(Web page caption snippets)
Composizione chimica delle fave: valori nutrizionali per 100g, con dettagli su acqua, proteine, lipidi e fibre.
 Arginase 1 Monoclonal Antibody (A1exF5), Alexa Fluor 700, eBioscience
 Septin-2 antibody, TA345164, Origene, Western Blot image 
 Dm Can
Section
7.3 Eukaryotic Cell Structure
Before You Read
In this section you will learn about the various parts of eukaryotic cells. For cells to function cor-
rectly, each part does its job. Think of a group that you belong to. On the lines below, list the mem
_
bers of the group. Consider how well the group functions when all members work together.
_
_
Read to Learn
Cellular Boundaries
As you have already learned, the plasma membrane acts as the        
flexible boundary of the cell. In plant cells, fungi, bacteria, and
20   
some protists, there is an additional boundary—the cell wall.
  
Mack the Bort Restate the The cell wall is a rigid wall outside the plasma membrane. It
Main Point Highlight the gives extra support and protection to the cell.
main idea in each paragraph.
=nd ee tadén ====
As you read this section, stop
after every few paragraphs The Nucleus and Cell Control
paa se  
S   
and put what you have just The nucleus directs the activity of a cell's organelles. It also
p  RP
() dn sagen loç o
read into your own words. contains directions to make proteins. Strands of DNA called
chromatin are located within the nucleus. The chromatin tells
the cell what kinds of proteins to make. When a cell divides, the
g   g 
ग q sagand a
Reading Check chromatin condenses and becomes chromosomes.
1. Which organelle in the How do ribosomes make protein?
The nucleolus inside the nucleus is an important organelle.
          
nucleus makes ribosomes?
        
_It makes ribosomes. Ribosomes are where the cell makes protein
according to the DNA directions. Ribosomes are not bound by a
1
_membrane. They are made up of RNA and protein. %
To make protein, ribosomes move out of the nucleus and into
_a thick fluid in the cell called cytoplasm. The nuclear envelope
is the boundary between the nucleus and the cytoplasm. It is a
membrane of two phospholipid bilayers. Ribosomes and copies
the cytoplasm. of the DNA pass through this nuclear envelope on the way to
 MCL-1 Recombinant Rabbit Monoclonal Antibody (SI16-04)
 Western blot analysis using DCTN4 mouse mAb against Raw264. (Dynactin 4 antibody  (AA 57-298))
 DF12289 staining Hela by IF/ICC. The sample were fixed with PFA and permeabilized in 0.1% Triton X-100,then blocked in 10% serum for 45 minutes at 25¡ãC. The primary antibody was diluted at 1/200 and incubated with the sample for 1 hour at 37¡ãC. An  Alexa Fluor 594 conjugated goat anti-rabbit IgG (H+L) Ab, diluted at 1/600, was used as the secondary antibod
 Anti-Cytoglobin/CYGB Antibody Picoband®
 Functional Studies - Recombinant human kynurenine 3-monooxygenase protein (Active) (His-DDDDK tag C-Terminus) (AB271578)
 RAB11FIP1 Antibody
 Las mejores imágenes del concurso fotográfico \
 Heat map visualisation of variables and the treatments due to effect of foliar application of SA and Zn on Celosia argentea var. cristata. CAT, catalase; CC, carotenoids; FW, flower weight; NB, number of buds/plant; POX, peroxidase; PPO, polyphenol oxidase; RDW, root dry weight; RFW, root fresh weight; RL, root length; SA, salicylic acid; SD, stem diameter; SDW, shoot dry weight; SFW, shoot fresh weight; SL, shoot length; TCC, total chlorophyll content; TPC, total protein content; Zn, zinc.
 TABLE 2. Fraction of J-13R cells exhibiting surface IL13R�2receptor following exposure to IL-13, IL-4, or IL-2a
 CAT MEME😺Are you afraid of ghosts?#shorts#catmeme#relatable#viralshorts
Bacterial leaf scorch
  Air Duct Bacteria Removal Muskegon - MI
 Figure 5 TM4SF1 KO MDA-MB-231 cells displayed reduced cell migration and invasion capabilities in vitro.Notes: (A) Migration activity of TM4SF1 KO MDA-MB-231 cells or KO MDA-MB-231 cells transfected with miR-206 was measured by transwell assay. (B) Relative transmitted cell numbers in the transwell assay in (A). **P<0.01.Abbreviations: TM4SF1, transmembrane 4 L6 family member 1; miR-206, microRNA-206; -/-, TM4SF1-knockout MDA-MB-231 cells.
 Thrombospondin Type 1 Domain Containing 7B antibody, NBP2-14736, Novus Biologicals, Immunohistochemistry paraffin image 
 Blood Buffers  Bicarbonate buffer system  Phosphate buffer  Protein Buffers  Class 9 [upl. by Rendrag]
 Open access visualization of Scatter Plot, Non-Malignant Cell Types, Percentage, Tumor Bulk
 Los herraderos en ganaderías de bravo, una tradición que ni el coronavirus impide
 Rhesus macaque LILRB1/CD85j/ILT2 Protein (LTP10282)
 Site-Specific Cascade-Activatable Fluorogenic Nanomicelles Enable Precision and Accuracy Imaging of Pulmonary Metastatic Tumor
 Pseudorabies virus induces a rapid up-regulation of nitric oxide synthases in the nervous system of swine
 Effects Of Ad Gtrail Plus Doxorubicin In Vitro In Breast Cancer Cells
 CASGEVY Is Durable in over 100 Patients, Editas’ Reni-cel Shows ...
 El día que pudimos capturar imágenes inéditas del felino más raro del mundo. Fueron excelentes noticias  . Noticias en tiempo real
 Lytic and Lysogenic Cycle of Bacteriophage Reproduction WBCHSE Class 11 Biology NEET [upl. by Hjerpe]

▶ [WHAT TO DO]: Reproduce each entry above. Every word must match.

▶ [ANSWER TO THIS EXERCISE]:
Composizione chimica delle fave: valori nutrizionali per 100g, con dettagli su acqua, proteine, lipidi e fibre.
 Arginase 1 Monoclonal Antibody (A1exF5), Alexa Fluor 700, eBioscience
 Septin-2 antibody, TA345164, Origene, Western Blot image 
 Dm Can
Section
7.3 Eukaryotic Cell Structure
Before You Read
In this section you will learn about the various parts of eukaryotic cells. For cells to function cor-
rectly, each part does its job. Think of a group that you belong to. On the lines below, list the mem
_
bers of the group. Consider how well the group functions when all members work together.
_
_
Read to Learn
Cellular Boundaries
As you have already learned, the plasma membrane acts as the        
flexible boundary of the cell. In plant cells, fungi, bacteria, and
20   
some protists, there is an additional boundary—the cell wall.
  
Mack the Bort Restate the The cell wall is a rigid wall outside the plasma membrane. It
Main Point Highlight the gives extra support and protection to the cell.
main idea in each paragraph.
=nd ee tadén ====
As you read this section, stop
after every few paragraphs The Nucleus and Cell Control
paa se  
S   
and put what you have just The nucleus directs the activity of a cell's organelles. It also
p  RP
() dn sagen loç o
read into your own words. contains directions to make proteins. Strands of DNA called
chromatin are located within the nucleus. The chromatin tells
the cell what kinds of proteins to make. When a cell divides, the
g   g 
ग q sagand a
Reading Check chromatin condenses and becomes chromosomes.
1. Which organelle in the How do ribosomes make protein?
The nucleolus inside the nucleus is an important organelle.
          
nucleus makes ribosomes?
        
_It makes ribosomes. Ribosomes are where the cell makes protein
according to the DNA directions. Ribosomes are not bound by a
1
_membrane. They are made up of RNA and protein. %
To make protein, ribosomes move out of the nucleus and into
_a thick fluid in the cell called cytoplasm. The nuclear envelope
is the boundary between the nucleus and the cytoplasm. It is a
membrane of two phospholipid bilayers. Ribosomes and copies
the cytoplasm. of the DNA pass through this nuclear envelope on the way to
 MCL-1 Recombinant Rabbit Monoclonal Antibody (SI16-04)
 Western blot analysis using DCTN4 mouse mAb against Raw264. (Dynactin 4 antibody  (AA 57-298))
 DF12289 staining Hela by IF/ICC. The sample were fixed with PFA and permeabilized in 0.1% Triton X-100,then blocked in 10% serum for 45 minutes at 25¡ãC. The primary antibody was diluted at 1/200 and incubated with the sample for 1 hour at 37¡ãC. An  Alexa Fluor 594 conjugated goat anti-rabbit IgG (H+L) Ab, diluted at 1/600, was used as the secondary antibod
 Anti-Cytoglobin/CYGB Antibody Picoband®
 Functional Studies - Recombinant human kynurenine 3-monooxygenase protein (Active) (His-DDDDK tag C-Terminus) (AB271578)
 RAB11FIP1 Antibody
 Las mejores imágenes del concurso fotográfico \
 Heat map visualisation of variables and the treatments due to effect of foliar application of SA and Zn on Celosia argentea var. cristata. CAT, catalase; CC, carotenoids; FW, flower weight; NB, number of buds/plant; POX, peroxidase; PPO, polyphenol oxidase; RDW, root dry weight; RFW, root fresh weight; RL, root length; SA, salicylic acid; SD, stem diameter; SDW, shoot dry weight; SFW, shoot fresh weight; SL, shoot length; TCC, total chlorophyll content; TPC, total protein content; Zn, zinc.
 TABLE 2. Fraction of J-13R cells exhibiting surface IL13R�2receptor following exposure to IL-13, IL-4, or IL-2a
 CAT MEME😺Are you afraid of ghosts?#shorts#catmeme#relatable#viralshorts
Bacterial leaf scorch
  Air Duct Bacteria Removal Muskegon - MI
 Figure 5 TM4SF1 KO MDA-MB-231 cells displayed reduced cell migration and invasion capabilities in vitro.Notes: (A) Migration activity of TM4SF1 KO MDA-MB-231 cells or KO MDA-MB-231 cells transfected with miR-206 was measured by transwell assay. (B) Relative transmitted cell numbers in the transwell assay in (A). **P<0.01.Abbreviations: TM4SF1, transmembrane 4 L6 family member 1; miR-206, microRNA-206; -/-, TM4SF1-knockout MDA-MB-231 cells.
 Thrombospondin Type 1 Domain Containing 7B antibody, NBP2-14736, Novus Biologicals, Immunohistochemistry paraffin image 
 Blood Buffers  Bicarbonate buffer system  Phosphate buffer  Protein Buffers  Class 9 [upl. by Rendrag]
 Open access visualization of Scatter Plot, Non-Malignant Cell Types, Percentage, Tumor Bulk
 Los herraderos en ganaderías de bravo, una tradición que ni el coronavirus impide
 Rhesus macaque LILRB1/CD85j/ILT2 Protein (LTP10282)
 Site-Specific Cascade-Activatable Fluorogenic Nanomicelles Enable Precision and Accuracy Imaging of Pulmonary Metastatic Tumor
 Pseudorabies virus induces a rapid up-regulation of nitric oxide synthases in the nervous system of swine
 Effects Of Ad Gtrail Plus Doxorubicin In Vitro In Breast Cancer Cells
 CASGEVY Is Durable in over 100 Patients, Editas’ Reni-cel Shows ...
 El día que pudimos capturar imágenes inéditas del felino más raro del mundo. Fueron excelentes noticias  . Noticias en tiempo real
 Lytic and Lysogenic Cycle of Bacteriophage Reproduction WBCHSE Class 11 Biology NEET [upl. by Hjerpe]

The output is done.